**Provided data:**
▬▬▬

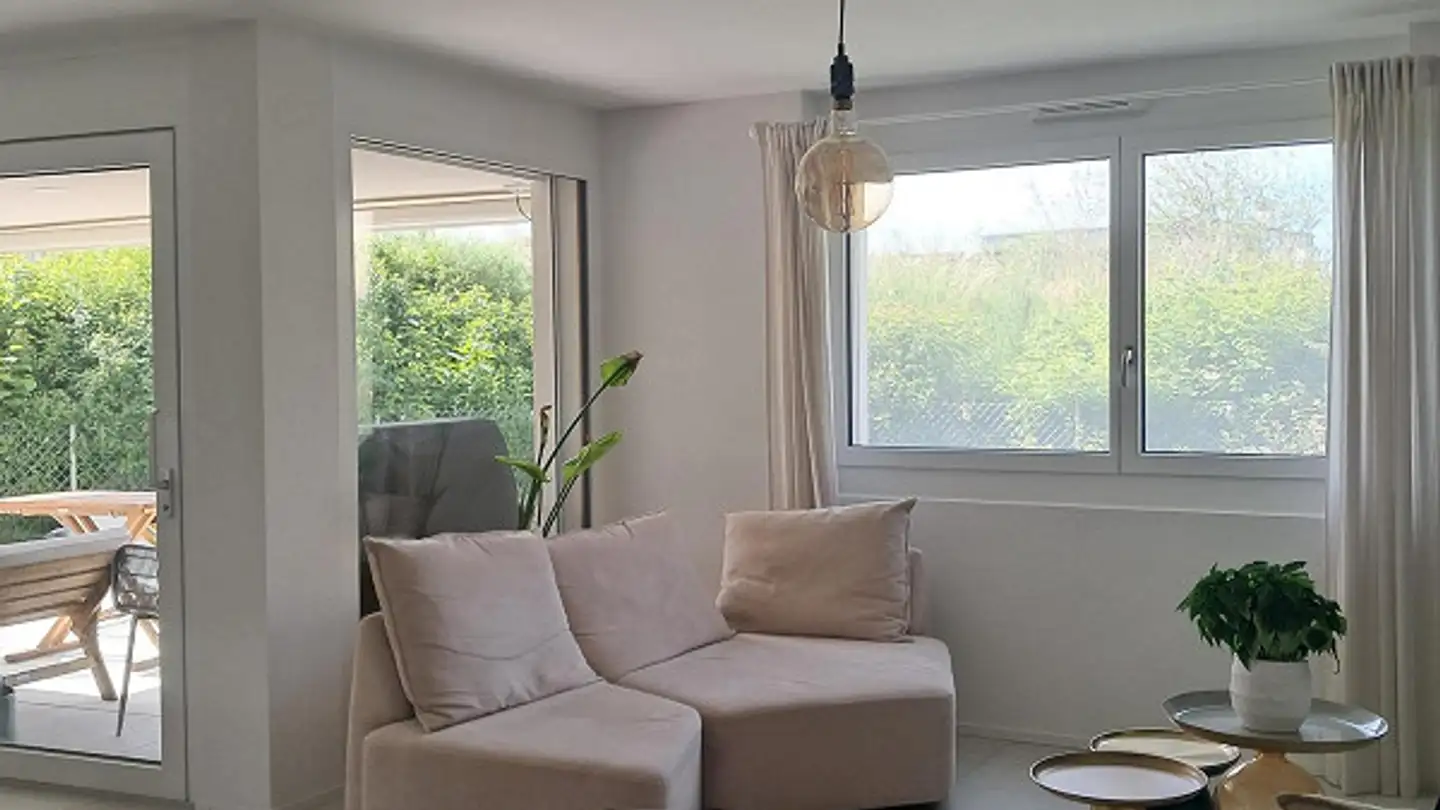 Apartment for rent - Champ-De-Lune 4, 1470 Estavayer-le-Lac - Photo 3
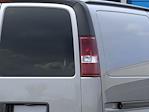 New 2025 Chevrolet Express 2500 Empty Cargo Van for sale #25CC2225 - photo 12
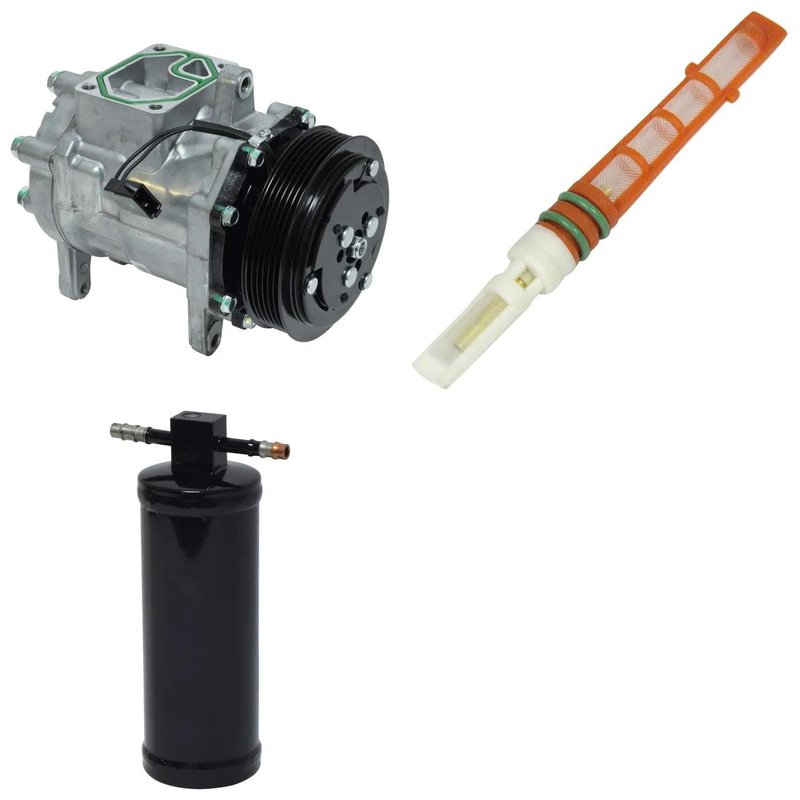 Universal Air CK3990 A/C Compressor Kit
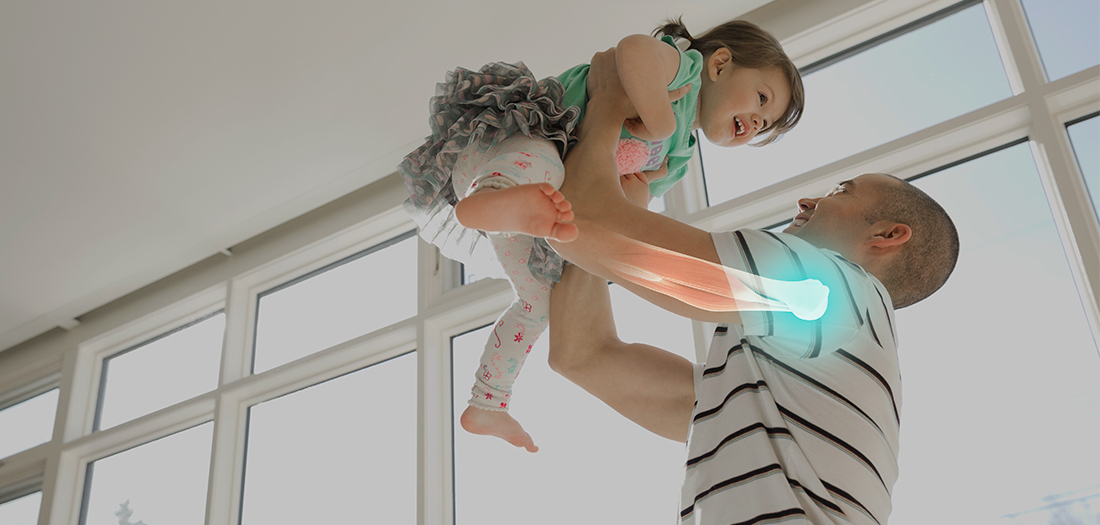 Living with Chronic Pain—How ACE Orthopedic Exercise Specialists Make a Difference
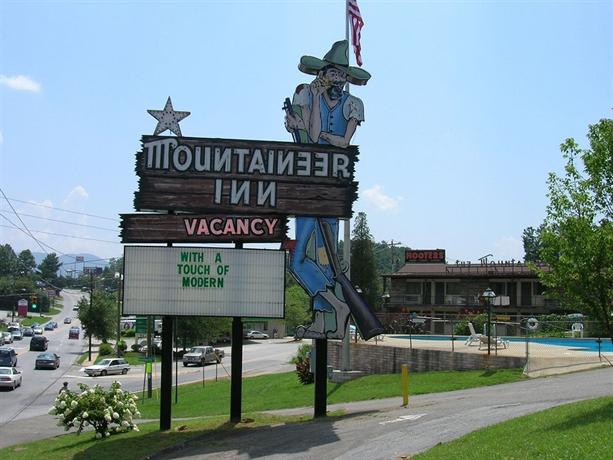 Mountaineer Inn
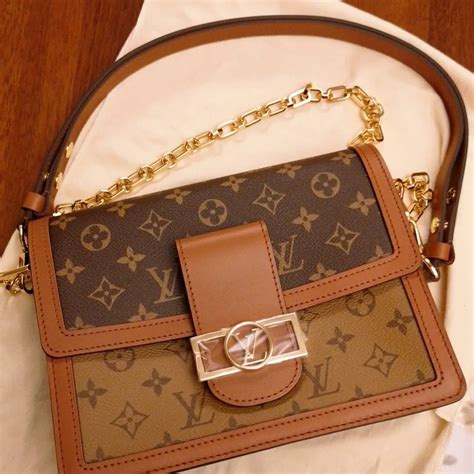 lv 达芙妮 mini 价格|dauphine mm louis vuitton.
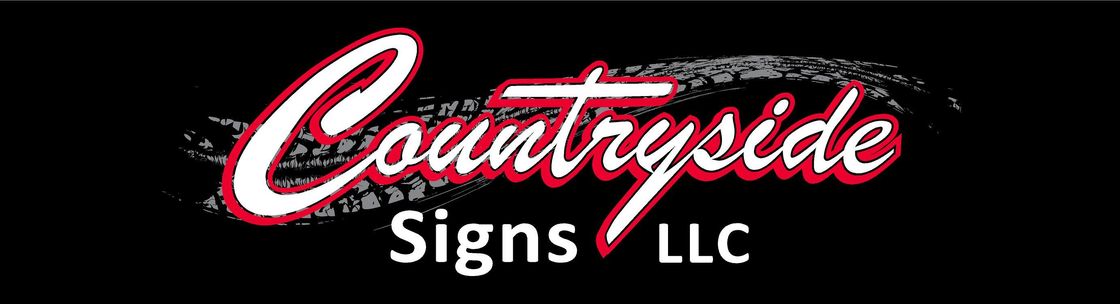 Countryside Signs LLC, Sioux Center IA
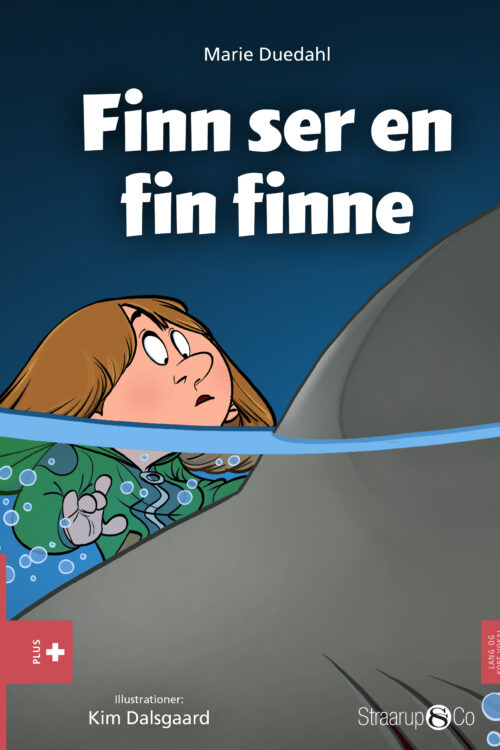 Finn ser en fin finne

▬▬▬

**Assignment:**
In the reply, give again exactly the lines from the beginning of the entries above through the line with "lv 达芙妮 mini 价格|dauphine mm louis vuitton."; pictures stay out.

**Task solution:**
 Apartment for rent - Champ-De-Lune 4, 1470 Estavayer-le-Lac - Photo 3
 New 2025 Chevrolet Express 2500 Empty Cargo Van for sale #25CC2225 - photo 12
 Universal Air CK3990 A/C Compressor Kit
 Living with Chronic Pain—How ACE Orthopedic Exercise Specialists Make a Difference
 Mountaineer Inn
 lv 达芙妮 mini 价格|dauphine mm louis vuitton.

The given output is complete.